Task brief ▸ Copy out, exactly as written, only the line containing "Foto: Kuess" and the lines after it through the end of the records.

Data shown ▸
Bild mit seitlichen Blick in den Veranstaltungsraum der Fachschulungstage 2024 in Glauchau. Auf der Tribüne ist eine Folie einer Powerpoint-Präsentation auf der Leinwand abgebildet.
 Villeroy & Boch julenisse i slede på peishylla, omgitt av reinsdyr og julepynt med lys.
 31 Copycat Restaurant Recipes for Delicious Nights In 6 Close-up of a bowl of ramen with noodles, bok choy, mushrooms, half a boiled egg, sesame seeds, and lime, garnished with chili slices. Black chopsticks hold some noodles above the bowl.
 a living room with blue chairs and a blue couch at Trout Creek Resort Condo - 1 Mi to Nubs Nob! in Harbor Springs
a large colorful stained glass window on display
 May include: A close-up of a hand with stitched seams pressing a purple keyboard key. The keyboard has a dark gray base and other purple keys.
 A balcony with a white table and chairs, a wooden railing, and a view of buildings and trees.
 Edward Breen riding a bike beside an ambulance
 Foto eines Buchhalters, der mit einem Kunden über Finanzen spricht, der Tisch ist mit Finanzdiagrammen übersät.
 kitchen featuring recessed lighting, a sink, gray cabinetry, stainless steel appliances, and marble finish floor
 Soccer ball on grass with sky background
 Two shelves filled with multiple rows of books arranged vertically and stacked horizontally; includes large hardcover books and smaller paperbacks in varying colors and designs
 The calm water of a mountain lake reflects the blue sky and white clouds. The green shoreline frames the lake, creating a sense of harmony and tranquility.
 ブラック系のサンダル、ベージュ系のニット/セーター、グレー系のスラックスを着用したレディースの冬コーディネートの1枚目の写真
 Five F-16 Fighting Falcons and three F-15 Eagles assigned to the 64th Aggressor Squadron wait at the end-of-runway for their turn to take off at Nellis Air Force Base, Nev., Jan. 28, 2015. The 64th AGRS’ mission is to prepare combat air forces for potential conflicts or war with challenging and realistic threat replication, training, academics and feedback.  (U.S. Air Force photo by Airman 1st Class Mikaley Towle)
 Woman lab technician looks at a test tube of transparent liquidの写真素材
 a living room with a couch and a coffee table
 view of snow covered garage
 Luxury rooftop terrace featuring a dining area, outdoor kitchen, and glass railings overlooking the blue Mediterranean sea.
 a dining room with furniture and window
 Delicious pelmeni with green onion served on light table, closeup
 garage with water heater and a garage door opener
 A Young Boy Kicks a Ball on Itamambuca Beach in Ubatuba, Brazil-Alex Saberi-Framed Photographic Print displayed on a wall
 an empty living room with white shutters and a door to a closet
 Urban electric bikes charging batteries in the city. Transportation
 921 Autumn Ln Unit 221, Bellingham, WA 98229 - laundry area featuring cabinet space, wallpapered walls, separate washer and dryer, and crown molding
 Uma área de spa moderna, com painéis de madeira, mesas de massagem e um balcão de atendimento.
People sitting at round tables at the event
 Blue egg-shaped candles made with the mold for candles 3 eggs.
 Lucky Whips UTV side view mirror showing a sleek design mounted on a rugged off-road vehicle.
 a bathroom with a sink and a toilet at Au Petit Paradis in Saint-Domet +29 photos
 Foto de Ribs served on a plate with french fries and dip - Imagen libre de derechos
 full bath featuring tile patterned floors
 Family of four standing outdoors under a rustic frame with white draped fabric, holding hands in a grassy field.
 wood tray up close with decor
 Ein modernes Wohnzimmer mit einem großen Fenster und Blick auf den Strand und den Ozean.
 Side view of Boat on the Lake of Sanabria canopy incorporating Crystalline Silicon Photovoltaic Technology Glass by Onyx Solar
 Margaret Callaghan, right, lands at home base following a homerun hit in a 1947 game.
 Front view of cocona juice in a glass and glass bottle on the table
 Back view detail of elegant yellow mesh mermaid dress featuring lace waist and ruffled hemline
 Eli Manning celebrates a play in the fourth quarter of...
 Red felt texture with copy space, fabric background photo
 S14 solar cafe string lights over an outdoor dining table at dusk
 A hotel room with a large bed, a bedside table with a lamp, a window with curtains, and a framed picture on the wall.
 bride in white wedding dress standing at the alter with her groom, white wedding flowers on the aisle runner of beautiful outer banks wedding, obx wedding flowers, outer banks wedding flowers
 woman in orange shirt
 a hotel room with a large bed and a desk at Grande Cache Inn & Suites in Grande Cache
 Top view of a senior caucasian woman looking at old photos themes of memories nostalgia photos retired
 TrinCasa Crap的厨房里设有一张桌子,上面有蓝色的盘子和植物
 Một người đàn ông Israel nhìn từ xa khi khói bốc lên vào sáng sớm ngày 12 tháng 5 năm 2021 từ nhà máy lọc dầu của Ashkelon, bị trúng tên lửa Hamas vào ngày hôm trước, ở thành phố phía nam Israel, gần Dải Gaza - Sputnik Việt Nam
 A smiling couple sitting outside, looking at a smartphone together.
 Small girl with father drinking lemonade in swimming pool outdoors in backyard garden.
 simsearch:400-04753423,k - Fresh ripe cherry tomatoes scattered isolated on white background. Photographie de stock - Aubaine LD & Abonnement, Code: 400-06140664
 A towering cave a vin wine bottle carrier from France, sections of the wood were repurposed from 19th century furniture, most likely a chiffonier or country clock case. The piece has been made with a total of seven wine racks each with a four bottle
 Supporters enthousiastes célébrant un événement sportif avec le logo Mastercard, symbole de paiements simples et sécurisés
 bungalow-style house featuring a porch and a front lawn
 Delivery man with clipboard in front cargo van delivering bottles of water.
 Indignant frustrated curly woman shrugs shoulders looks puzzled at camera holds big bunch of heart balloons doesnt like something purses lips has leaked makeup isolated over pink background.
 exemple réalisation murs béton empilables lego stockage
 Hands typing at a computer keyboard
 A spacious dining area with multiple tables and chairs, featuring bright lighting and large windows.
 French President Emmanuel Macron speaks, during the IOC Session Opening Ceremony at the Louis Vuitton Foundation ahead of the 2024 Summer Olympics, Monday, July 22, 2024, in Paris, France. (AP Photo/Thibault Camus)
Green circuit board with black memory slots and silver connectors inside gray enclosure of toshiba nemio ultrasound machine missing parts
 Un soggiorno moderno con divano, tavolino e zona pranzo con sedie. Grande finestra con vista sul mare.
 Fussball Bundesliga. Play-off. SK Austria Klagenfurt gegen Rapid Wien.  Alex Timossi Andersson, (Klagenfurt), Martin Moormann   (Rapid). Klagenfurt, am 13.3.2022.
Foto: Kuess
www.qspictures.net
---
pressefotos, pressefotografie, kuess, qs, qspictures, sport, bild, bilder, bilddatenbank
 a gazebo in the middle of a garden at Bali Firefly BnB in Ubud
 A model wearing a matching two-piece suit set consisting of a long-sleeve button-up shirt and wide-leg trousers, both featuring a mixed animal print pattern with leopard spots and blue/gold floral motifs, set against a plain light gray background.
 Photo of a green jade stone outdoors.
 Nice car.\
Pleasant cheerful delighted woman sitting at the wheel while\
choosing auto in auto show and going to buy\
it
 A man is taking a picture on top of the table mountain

Response area ▸
Foto: Kuess
www.qspictures.net
---
pressefotos, pressefotografie, kuess, qs, qspictures, sport, bild, bilder, bilddatenbank
 a gazebo in the middle of a garden at Bali Firefly BnB in Ubud
 A model wearing a matching two-piece suit set consisting of a long-sleeve button-up shirt and wide-leg trousers, both featuring a mixed animal print pattern with leopard spots and blue/gold floral motifs, set against a plain light gray background.
 Photo of a green jade stone outdoors.
 Nice car.\
Pleasant cheerful delighted woman sitting at the wheel while\
choosing auto in auto show and going to buy\
it
 A man is taking a picture on top of the table mountain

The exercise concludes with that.